Shaw earned both his B.S. and M.S. degrees in soil science and a Ph.D. in Soil Science with a minor in Water Chemistry from the University of Wisconsin-Madison. Dr. S.A. Wilde, 1994 Wisconsin Conservation Hall of Fame Inductee, was his mentor. At UW-Madison, he met Margaret, whom he married in June 1966.
In 1968, Dr. Shaw began his career as an assistant professor of Soil and Water Science in the College of Natural Resources at UW-Stevens Point (UWSP). He became a full professor and taught in the College until his retirement in 2000. He established the Environmental Task Force Laboratory (now called the Water and Environmental Analysis Laboratory) to address soil and water quality problems, help train students as water chemists, and bring in grant funds to support student research. He was the major professor for more than 50 graduate students, many of whom helped him make important scientific discoveries through work done in the Environmental Task Force Lab.
In 1980, Shaw documented the presence of aldicarb, a pesticide used on potatoes, in wells in Portage County, thereby becoming among the first in the nation to recognize that pesticides used on farm fields could leach through the soil to contaminate groundwater. He also was the first to find acid rain and acid snow in Wisconsin, and he pioneered one of the first major agricultural watershed and reservoir modeling efforts in the nation on the Big Eau Pleine reservoir in Marathon County. The Eau Pleine research and other research on subdivision effects on groundwater quality led to changes in public policy. His testimony is also credited with contributing to the passage of Wisconsin’s landmark groundwater protection law in 1984.
In 1977, Dr. Shaw became a Water Resource Specialist with University of Wisconsin-Extension. Like all Extension specialists, he implemented the Wisconsin Idea – the idea that University knowledge, research, and resources should reach to all corners of the state. He loved traveling across Wisconsin to meet with and educate citizens about private well water quality and lake management in their own communities. He improved UWSP’s and UW-Extension’s capabilities to serve the public through the ETF and by helping establish the Central Wisconsin Groundwater Center.
Shaw was a man of many skills and interests beyond being a leading scientist, admired colleague, university professor, and mentor. He was a farmer who loved his farm where he lived with his family near Amherst Junction. In 2000, he transformed 52 acres of the farm to native prairie to provide pollinator habitat and improve water quality. Shaw invited friends and organized groups to tour the farm and learn skills such as prairie burning and soil judging. As a skilled woodworker, he used wood from the farm and elsewhere to build cedar strip canoes, some of which were donated to raise money for environmental causes.

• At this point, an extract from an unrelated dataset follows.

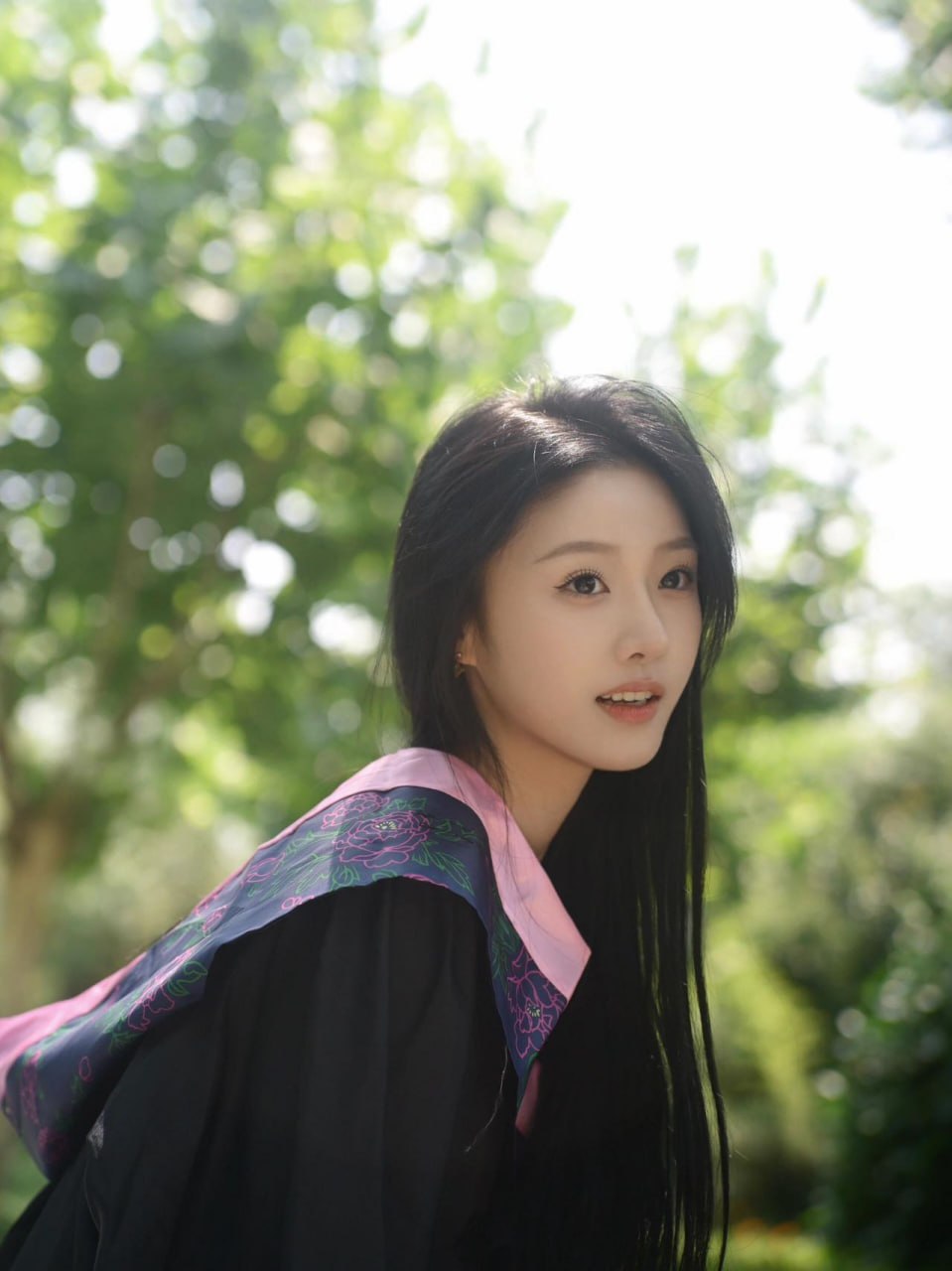 梨涡小甜妹Moren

He also made wood carvings of birds and other wildlife. In retirement, he continued to work as a Soil and Water consultant for 15 years, testifying in precedent-setting water quality cases in several states.
Byron Shaw received many awards over his long career, including the Wisconsin Idea Award from the College of Agricultural and Life Sciences at UW-Madison, and the first Distinguished Service Award from the Wisconsin chapter of the American Water Resources Association. But he might have considered developing fruitful relationships with the enormous community of conservation professionals and advocates he trained, mentored, and inspired to be his most significant accomplishment.